EXTRACTED ENTRIES:
**********

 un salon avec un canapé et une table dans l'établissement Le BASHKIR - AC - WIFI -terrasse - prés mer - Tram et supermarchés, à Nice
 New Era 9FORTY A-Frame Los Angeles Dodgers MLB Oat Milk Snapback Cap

**********

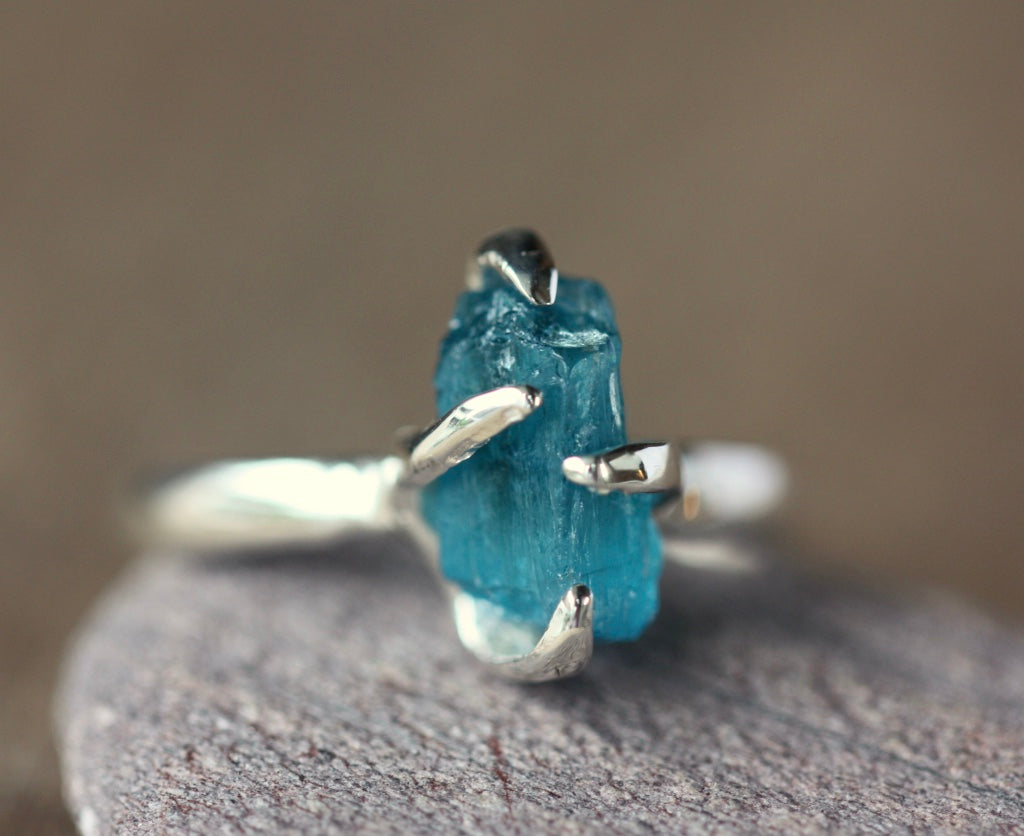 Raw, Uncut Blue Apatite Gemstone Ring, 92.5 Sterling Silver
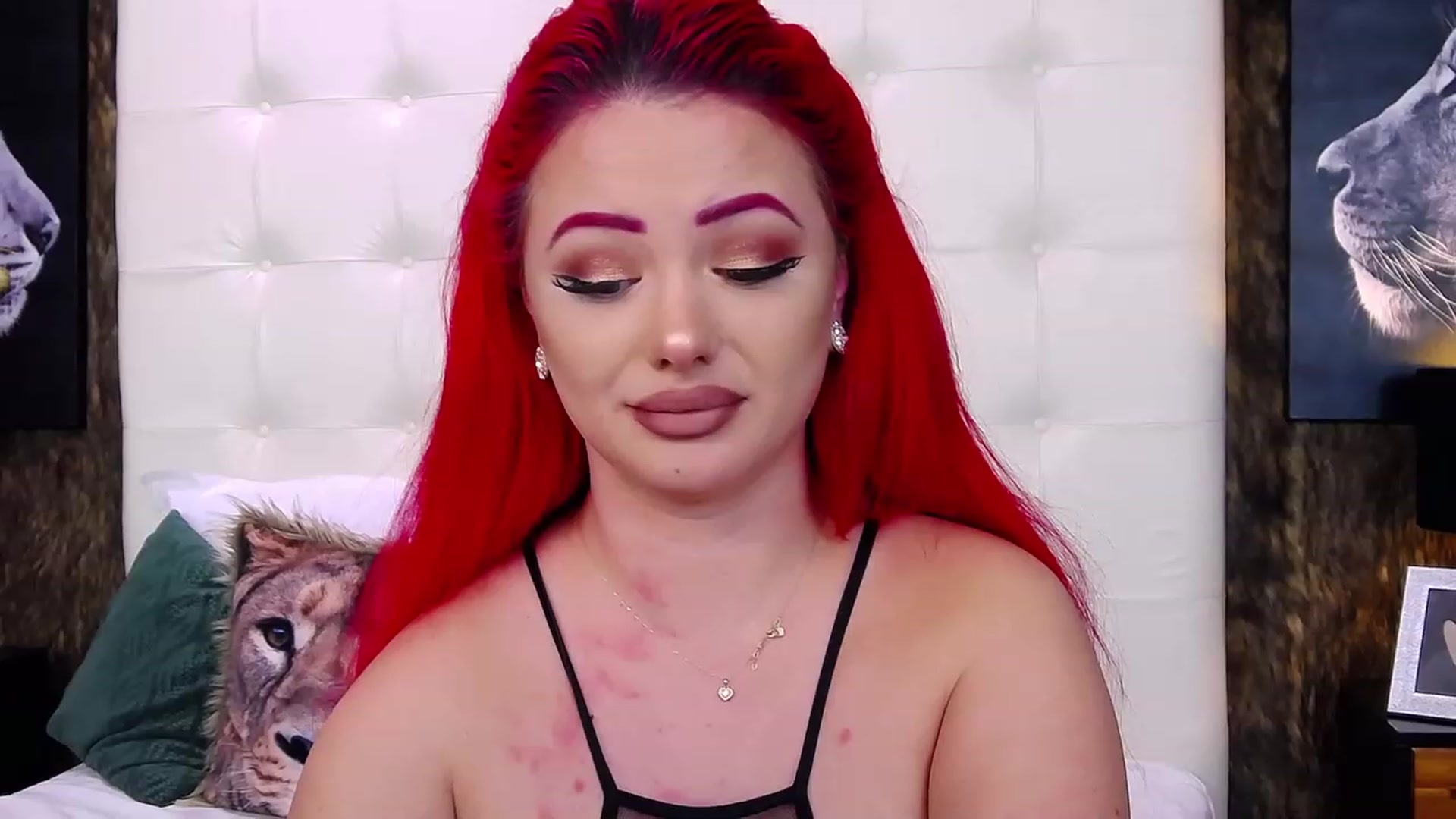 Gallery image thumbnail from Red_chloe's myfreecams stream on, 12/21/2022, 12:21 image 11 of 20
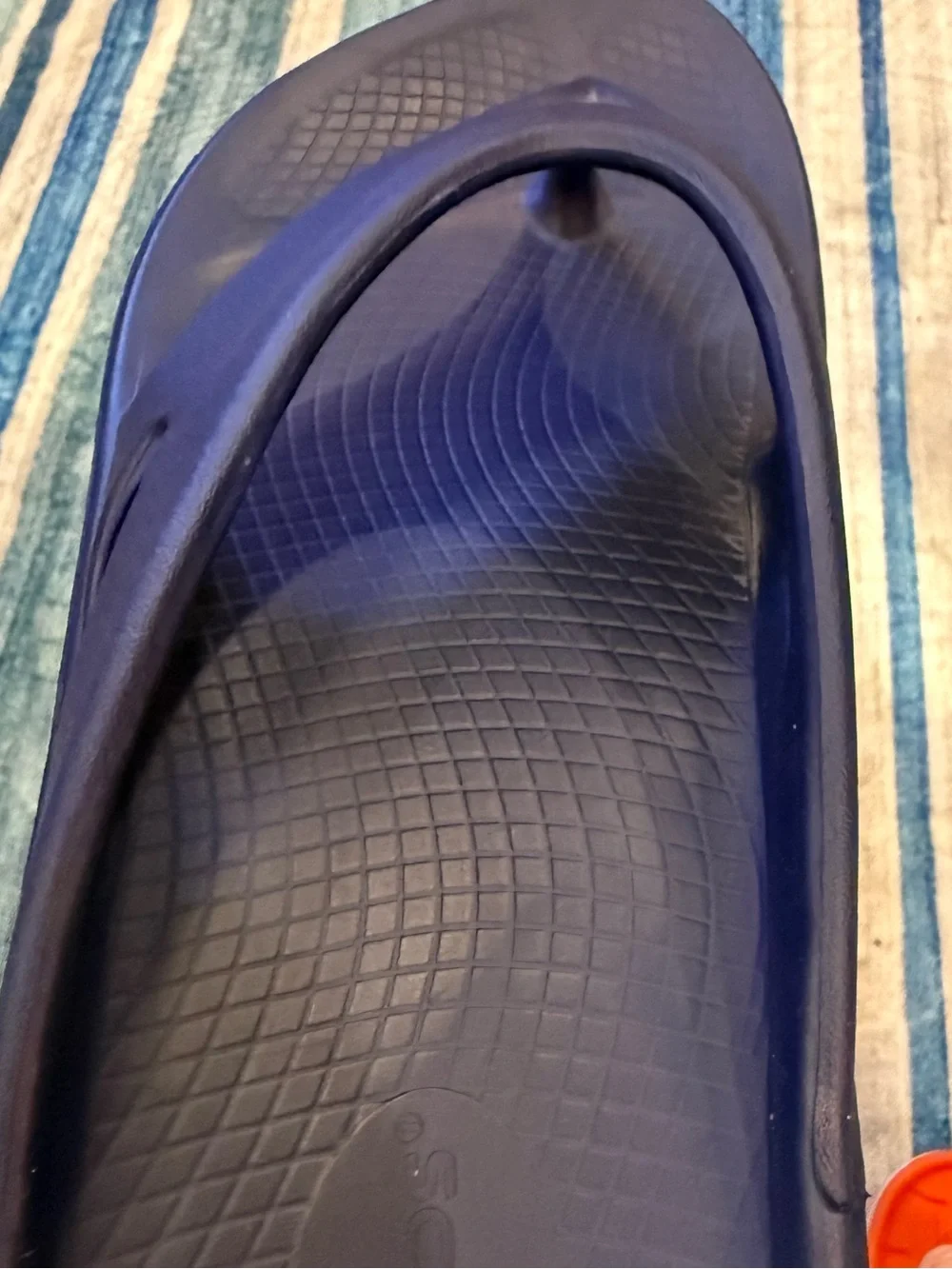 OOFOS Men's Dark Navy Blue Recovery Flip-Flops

**********

WORK TO BE COMPLETED:
In the data above, find the line that contains "un salon avec" and the line that contains "New Era 9FORTY". Repeat exactly those lines and every line between them, and only those.

RESULT OF THE TASK:
 un salon avec un canapé et une table dans l'établissement Le BASHKIR - AC - WIFI -terrasse - prés mer - Tram et supermarchés, à Nice
 New Era 9FORTY A-Frame Los Angeles Dodgers MLB Oat Milk Snapback Cap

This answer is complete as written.